A violation at one dorm does not reflect poorly on all the other dorms. Parents will not pressure their kids to live off campus in the wake of a dorm incident, they will simply tell them to choose a different dorm. Fraternities, on the other hand, face serious stereotypes that we must combat on a regular basis. We form an important part of the MIT community and provide a great deal of benefits to campus as a whole — something most people outside of MIT don’t appreciate. A fraternity that fulfills the stereotype reflects poorly on the rest and results in people making false assumptions about Greek life at MIT, something that can only harm everyone involved.

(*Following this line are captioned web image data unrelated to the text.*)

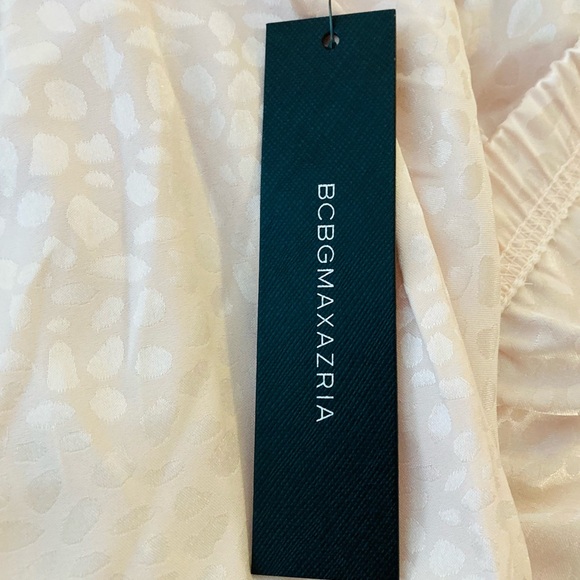 BCBGMaxazria Mauve Chalk Animal Jacquard Short Set Pajamas size Large NWT - Picture 6 of 13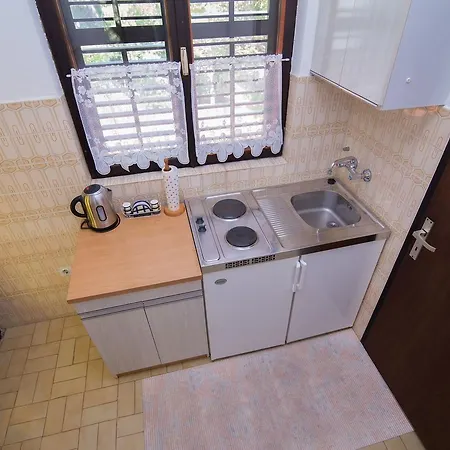 Susko Apartment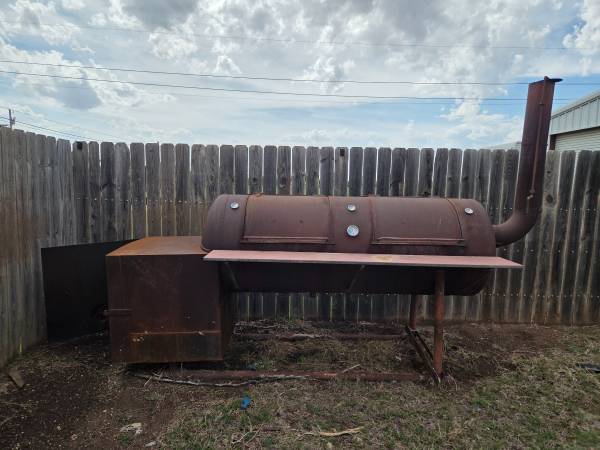 XL BBQ pit 1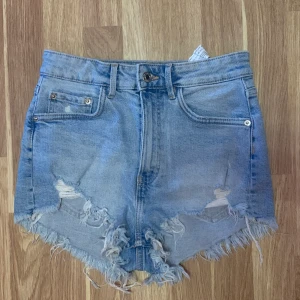 Shorts  - Fina shorts i bra skick. För mer info,skicka gärna pm.:)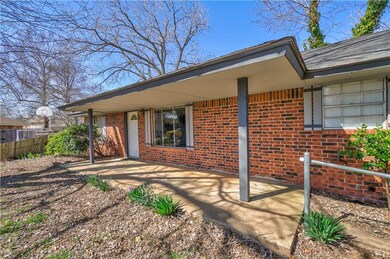 1325 Winding Creek Ct, Moore, OK 73160 - photo 6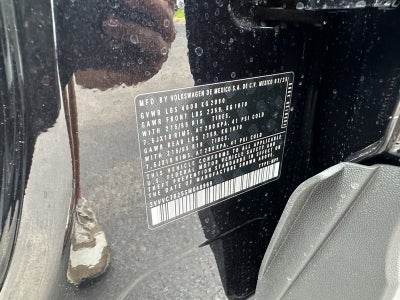 2025 Volkswagen Taos SE 4MOTION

Finally, I don’t think David realizes how important self-governance is to fraternity life. One of the most important aspects of fraternities is the ability to be entirely self-defined. You choose who your neighbors are, how your living space is arranged — almost every aspect of your life down to the rules that govern you are entirely self created. This is something that most floors, let alone dorms, just don’t have. Dorm residents don’t have the final voice in who they live with and how their living space is organized. Worst of all, the rules that define what dorms can and cannot do are, for the most part, established by outside entities. MIT will make the decisions that are best for the administration and not necessarily the students (or fraternities). If you need evidence of that, simply look at the new dining plan. Why should fraternities voluntarily subjugate themselves to that level of control when we are doing well governing ourselves? Giving up your on freedom for theoretical convenience is a slippery slope no one should want to go down, let alone the fraternities who offer a level of responsibility and freedom that most college students don’t until after graduation.
R. Krishna Esteva ’13 is a UA Senator representing Fraternities and a brother at Theta Chi.